No fim-de-semana anterior ao fecho deste artigo, a série do Netflix When They See Us, foi distinguida nos Emmy de Artes Criativas com o galardão de Melhor Filme/Série Limitada.
A série relata a experiência dos Cinco Exonerados, previamente explorados pelos media como Os Cinco do Central Park, um grupo de rapazes afro-americanos adolescentes, entre os catorze e os dezasseis anos, que caíram nas garras dos preconceitos e da falta de discernimento, da ganância e do individualismo tão prevalecentes na sociedade capitalista, sendo erroneamente acusados da violação de uma mulher (branca) no dito Central Park de Nova Iorque, em 1989. Não haviam provas físicas que os acusassem (aliás, as que existiam gritavam que os jovens não eram os culpados e foram intencionalmente ignoradas), e os adolescentes não tiveram sequer o direito de voltar a ver a luz do dia ou a despedirem-se das suas famílias – antes de cumprirem as sentenças (variadas, entre 5 a 15 anos) que os mantiveram ilegalmente encarcerados. When They See Us é baseado na história real de Antron McCray (Caleel Harris/Jovan Adepo), Kevin Richardson (Asante Blackk/Justin Cunningham), Korey Wise (Jharrel Jerome), Raymond Santana Jr. (Marquis Rodriguez/Freddy Miyares) e Yusef Salaam (Ethan Herisse/Chris Chalk). Na reunião organizada por Oprah Winfrey e também disponível no mesmo popular website, as vítimas expuseram que estão traumatizados para sempre. Cumpriram, no entanto, um importante propósito. A série, escrita e realizada pela brilhante Ava DuVernay foi nomeada para 16 Emmys no total e causou indignação por todo o mundo. Aconselha-se alguma preparação ao espectador: trata-se de uma descrição emocional e que induz a reflexões fortes e profundas. É difícil mas absolutamente obrigatória.

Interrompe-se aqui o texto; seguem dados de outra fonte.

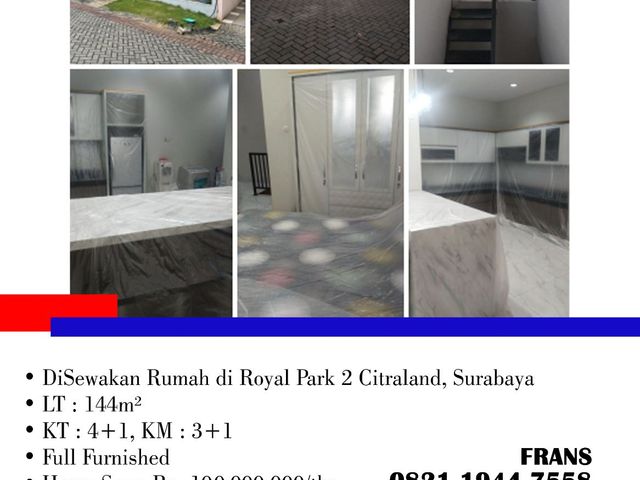DiSewakan Rumah di Royal Park 2 Citraland, di Surabaya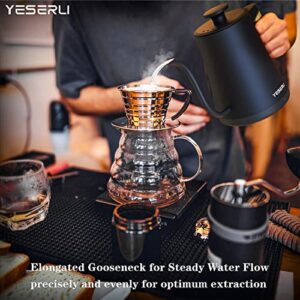 YESERLI Electric Gooseneck Kettle,1200W Electric Kettle 1L for Pour-Over Coffee & Tea, Precise Water Flow, Auto Shutoff & Anti-dry Protection, Ergonomic Handle Design, 100% 304 Stainless Steel, 1L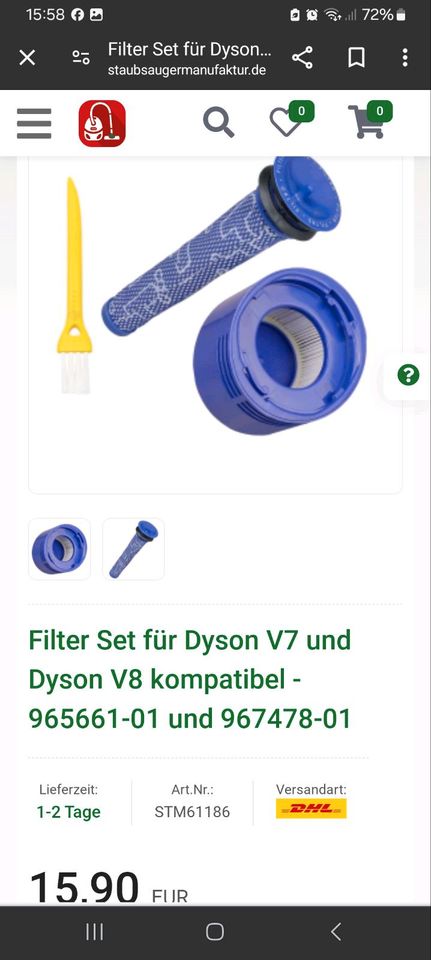 Filter Set für Dyson in Leichlingen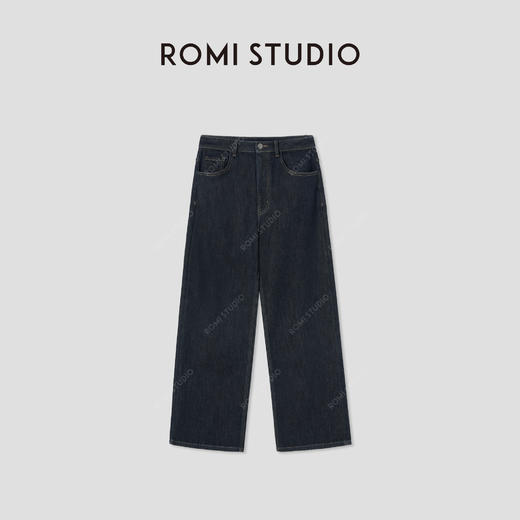 ROMI STUDIO“莱卡丹宁”莱卡棉弹力加绒宽松直筒牛仔裤RW24AX80727 商品图0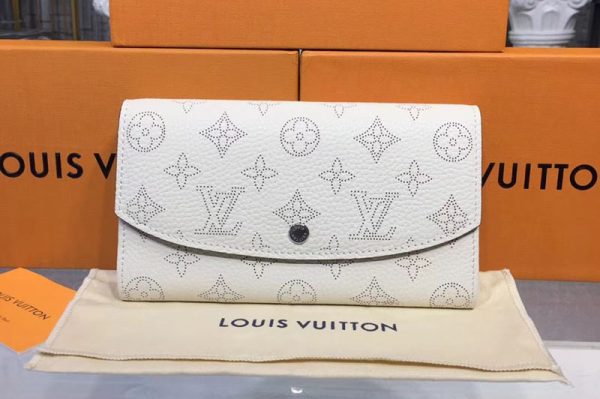 Replica Louis Vuitton M60177 LV Mahina Leather Iris Wallet Ivory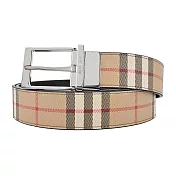 BURBERRY 經典格紋雙面針扣皮帶 米色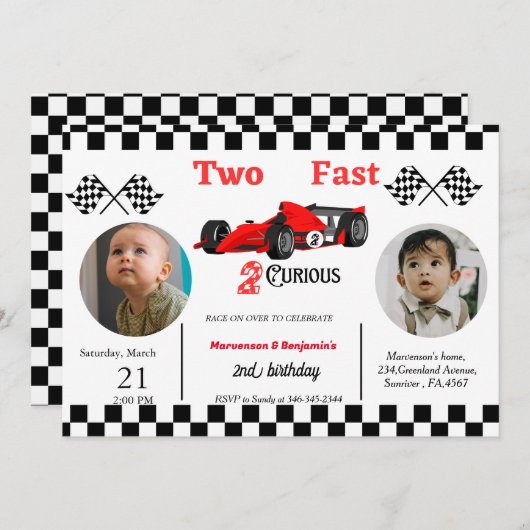 Tweedaagse raceauto's met twee kinderen die snel o kaart (Voorkant / Achterkant)
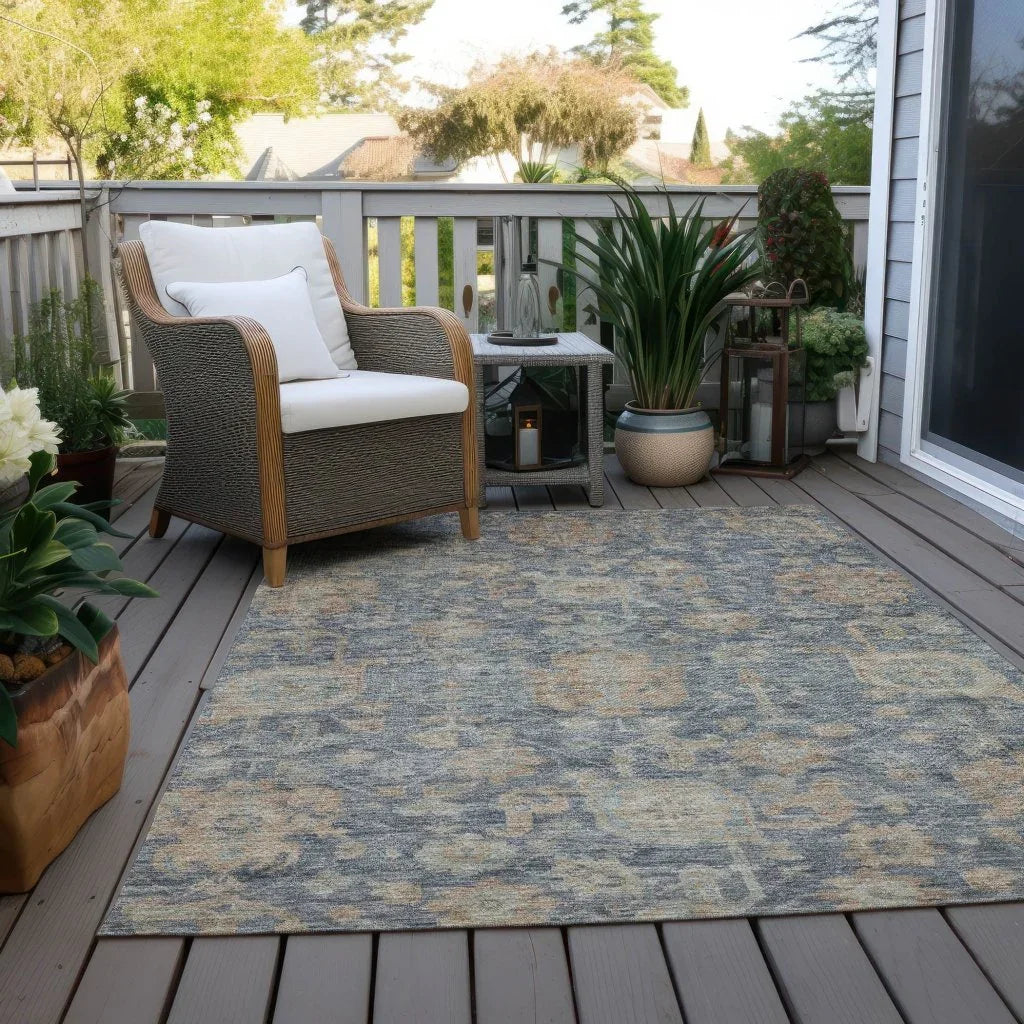 Riga Blue Washable Indoor-Outdoor Rug-Outdoor Rugs-LOOMLAN Rugs-LOOMLAN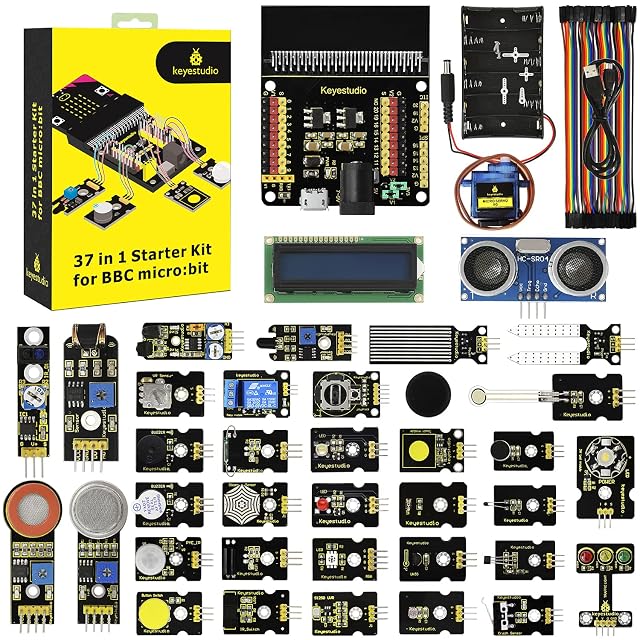 Caja del kit KEYESTUDIO 37 in 1, shield micro:bit, portapilas, microservo, cables puente, cable USB, pantalla LCD, sensor ultrasónico y filas de módulos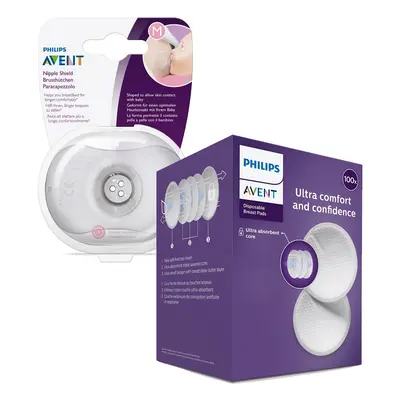 Philips AVENT Chránič bradavek - medium ks + ster.krabička + Prsní vložky jednorázové ks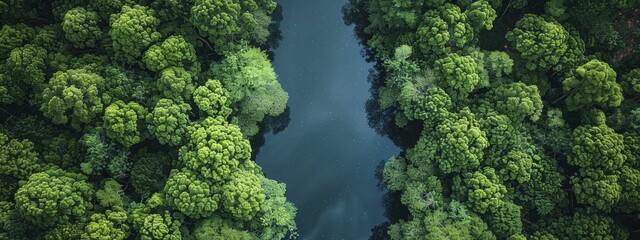 Naklejka premium Overhead perspective of a national park with diverse ecosystems, ideal for conservation efforts, environmental education, and nature photography workshops.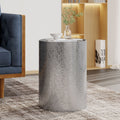 22.25" Silver Hammered Accent Table - Contemporary Design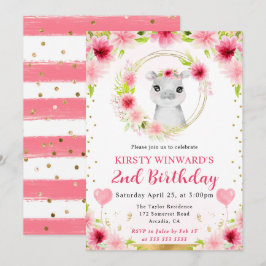 Watercolor Cute Jungle Hippo Barns födelsedag Inbjudningar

Mas o que tem este assunto, reflexo tão fiel da voracidade americana, a ver com o nosso pacato país? Um caso como este poderia acontecer em Portugal? Não? Tudo aponta para que poderia. Recentemente, um artigo sobre quotas para as minorias étnico-raciais no Parlamento, escrito por alguém que se teria ocupado de estudar História e publicado num dos principais jornais portugueses – que já nao são nem muitos nem encerram uma agenda variada – chocou o país. Esta era uma absurda carta aberta, repleta de citações grosseiras próprias de imaturos e malcriados, como mulheres de minissaia e pernas abertas na mesa de café. Uma vergonha para a sociedade evoluída e um embaraço para os media portugueses. Alguns ainda tentaram escrever artigos para tentar salvar a situação mas estas foram igualmente tristes. A realizadora Ava DuVernay comentou sobre o propósito do seu trabalho: é importante que as pessoas (que cometem crimes de racismo) sejam responsabilizadas. Essa responsabilidade está a ser realizada através deste produto de entretenimento. Ela, (referindo-se á promotora de justiça Linda Fairsten que trabalhou para condenar os jovens-vítimas) é parte de um sistema que nao está débil, mas que foi criado mesmo assim. Foi criado para colocar umas classes ou culturas acima das outras e criado para controlar. Foi criado para desenhar a cultura num formato próprio para reter algumas pessoas e propulsionar outras. Para lucrar. Para oferecer benefícios políticos e poder a alguns e dispersar outros”. YOUSEF, KEVIN, ANTRON, KOREY & RAYMOND. Eu. Tu. Eles. Nós. Todos.